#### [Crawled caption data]
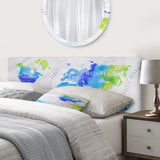 World Map In Green and Blue upholstered headboard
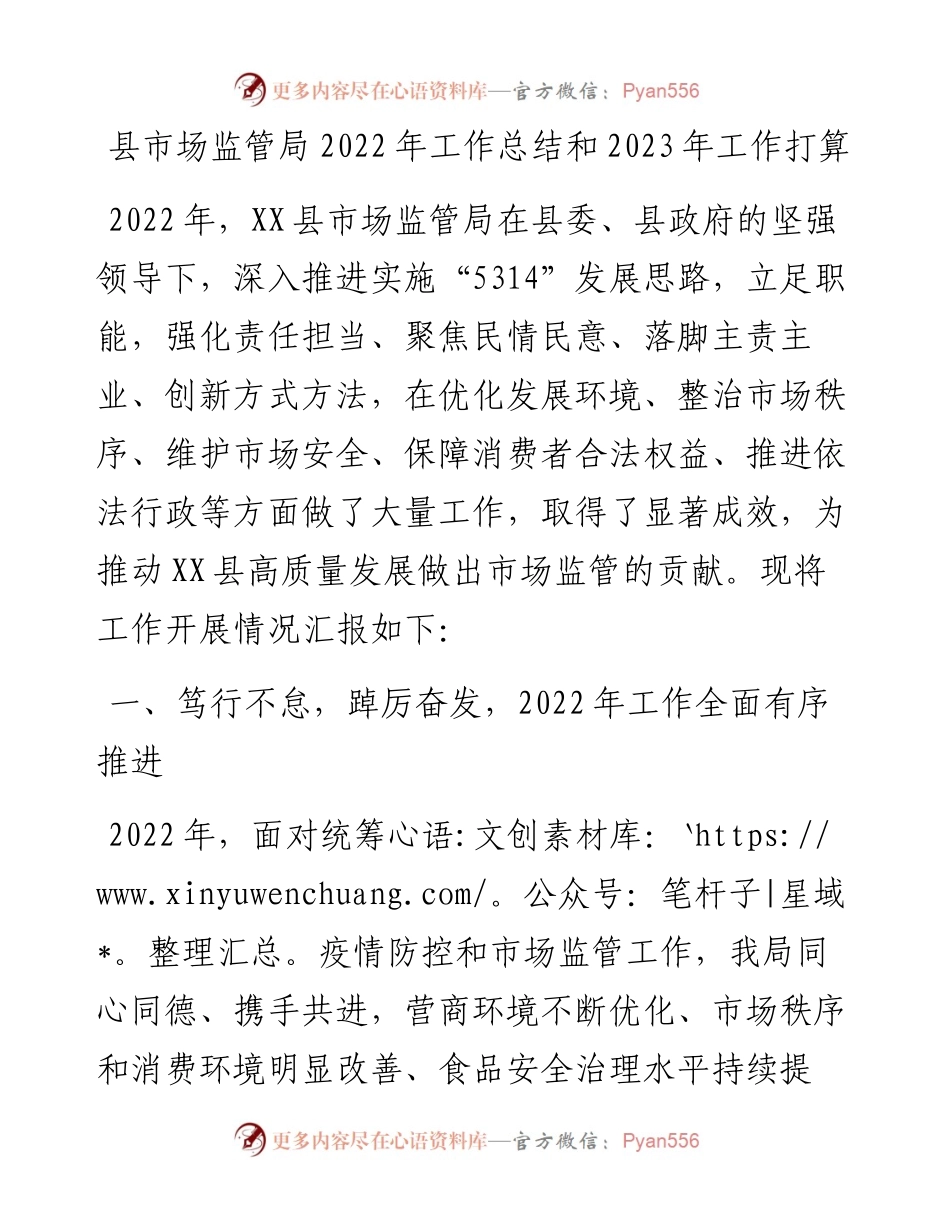 县市场监管局工作总结和2023年工作打算 (2).docx_第1页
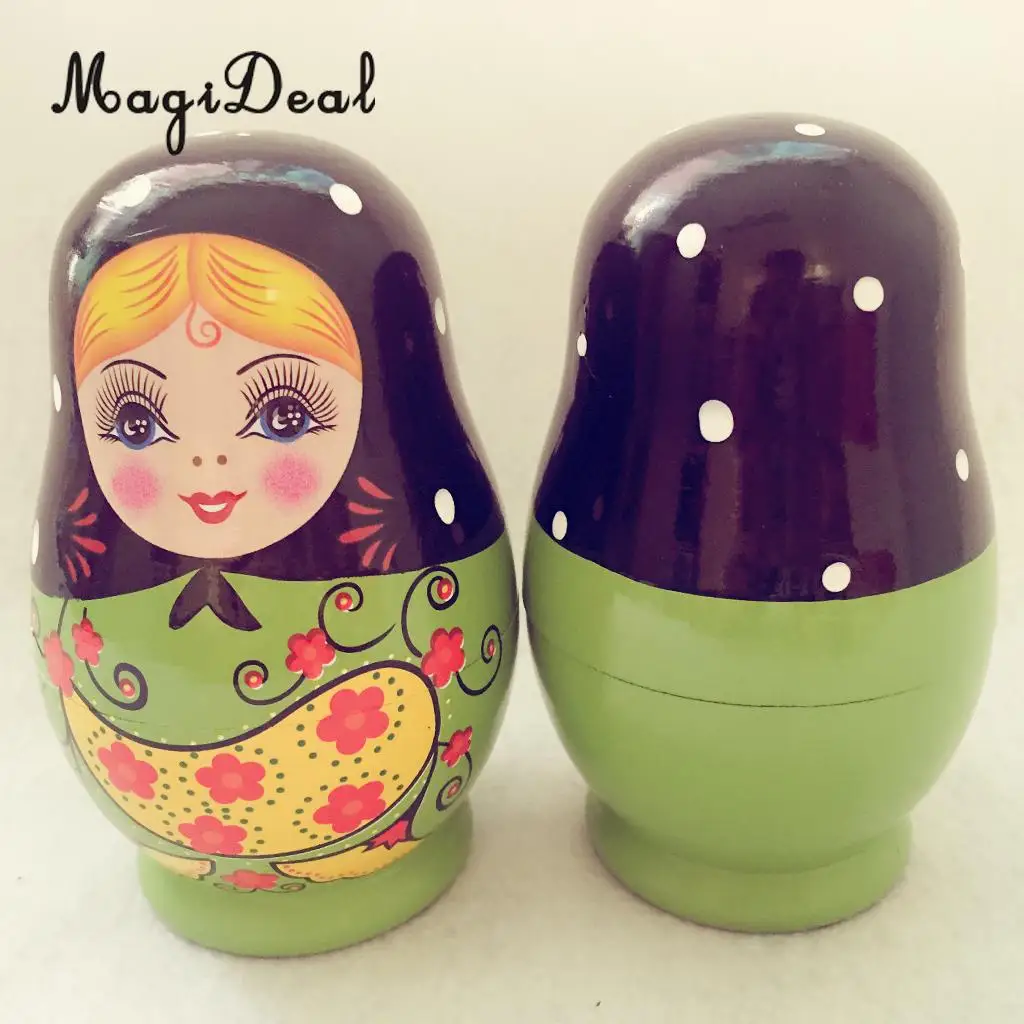 Set of 5pcs Cute Girls Wooden Nesting Dolls Matryoshka Russian Doll Xmas Birthday Gifts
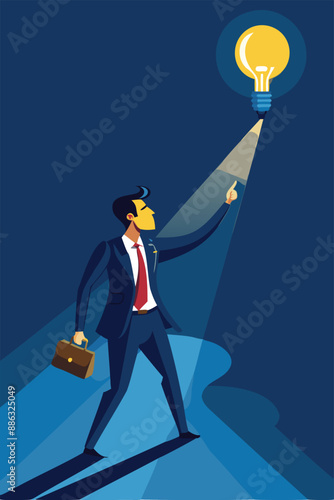 Smart Businessman Holding Glowing Lightbulb, Illuminating Path for Colleague Lost in the Dark, Symbolizing Creativity and Problem-Solving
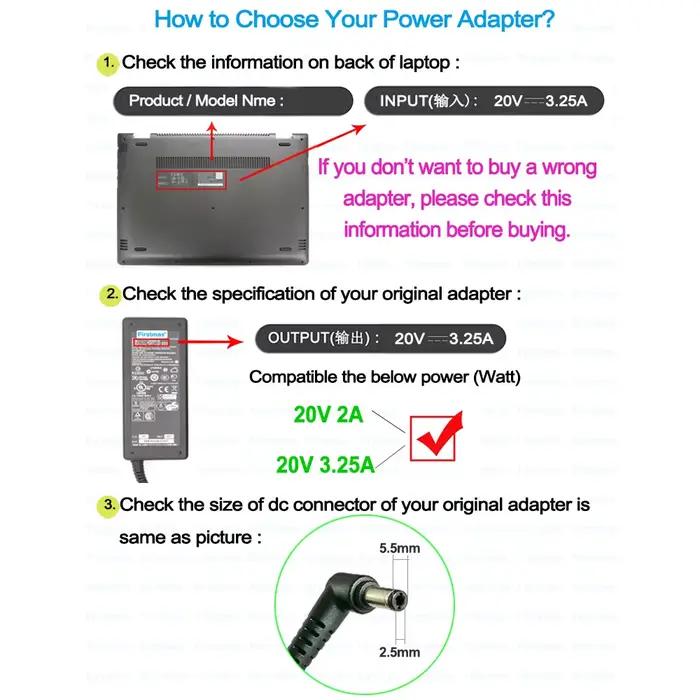 Chargeur pour ordinateur portable Fujitsu Siemens Esprimo Mobile V5515 V5535 20V 3.25A 65W Adaptateur Secteur Sécurité Fiabilité Usage Voyage Bureau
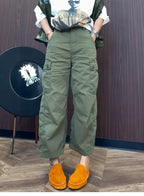 PENDRA Military Green Workwear Wide Leg Pants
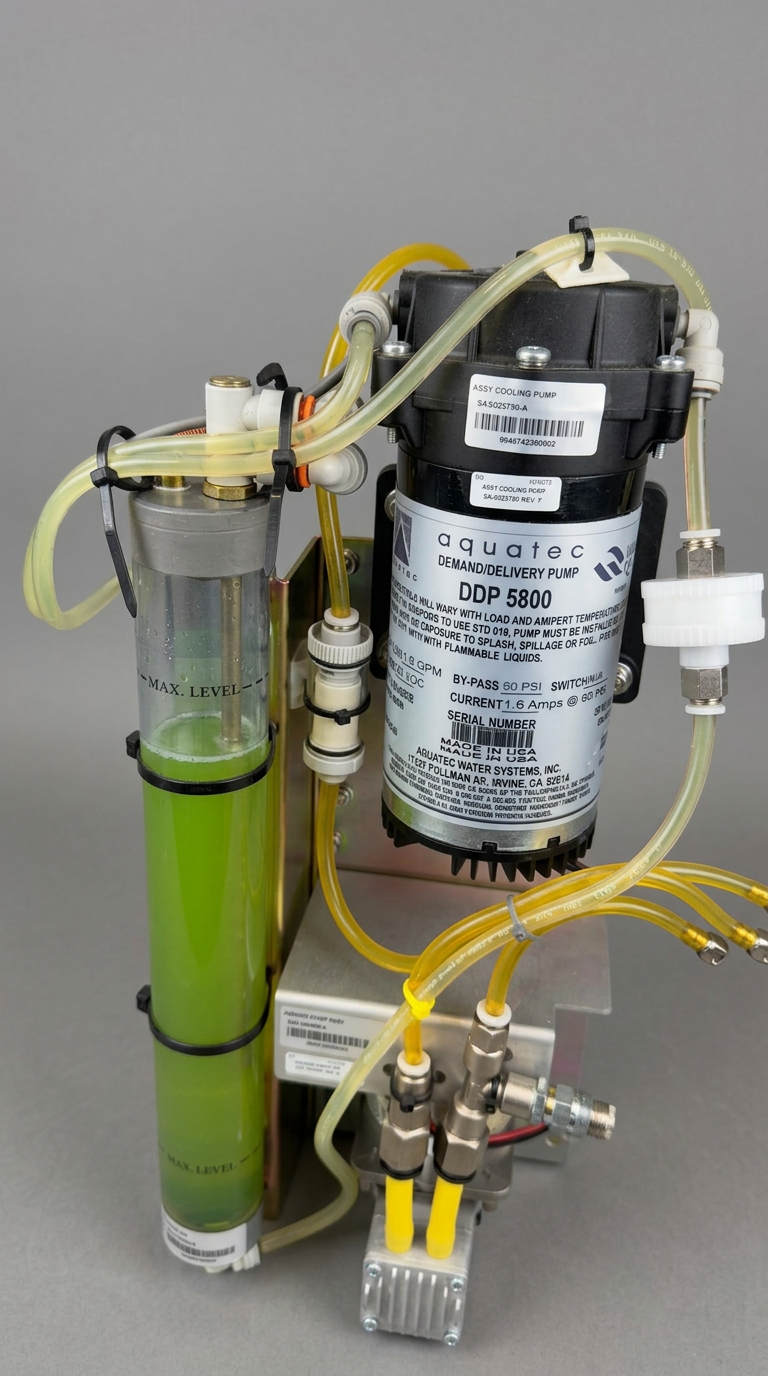 Cooling Loop — Aquatec DDP 5800 delivery pump and coolant reservoir serviced. Coolant color, level, and fittings tell us more about the system than any error code.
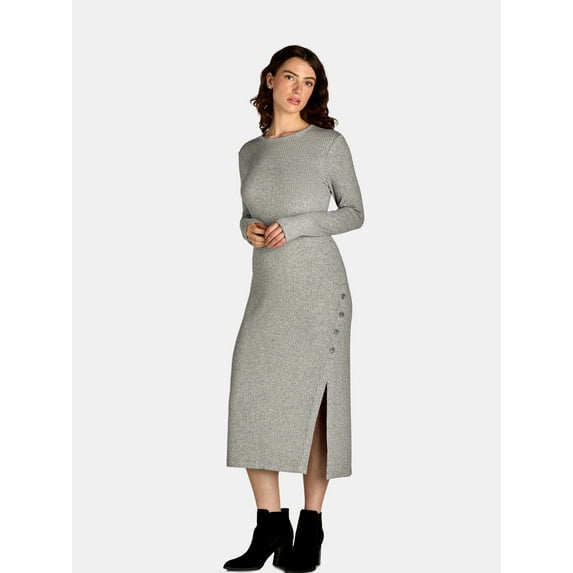 Nine.Eight Women's Ribbed Knit Midi Dress with Long Sleeves, Sizes XS-XXXL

#### [The task]
Repeat every entry above exactly; images stay out of the copy.

#### [Answer to the exercise]
 World Map In Green and Blue upholstered headboard
 县市场监管局工作总结和2023年工作打算 (2).docx_第1页
 Set of 5pcs Cute Girls Wooden Nesting Dolls Matryoshka Russian Doll Xmas Birthday Gifts
 Smart Businessman Holding Glowing Lightbulb, Illuminating Path for Colleague Lost in the Dark, Symbolizing Creativity and Problem-Solving
 Chargeur pour ordinateur portable Fujitsu Siemens Esprimo Mobile V5515 V5535 20V 3.25A 65W Adaptateur Secteur Sécurité Fiabilité Usage Voyage Bureau
 PENDRA Military Green Workwear Wide Leg Pants
 Cooling Loop — Aquatec DDP 5800 delivery pump and coolant reservoir serviced. Coolant color, level, and fittings tell us more about the system than any error code.
 Nine.Eight Women's Ribbed Knit Midi Dress with Long Sleeves, Sizes XS-XXXL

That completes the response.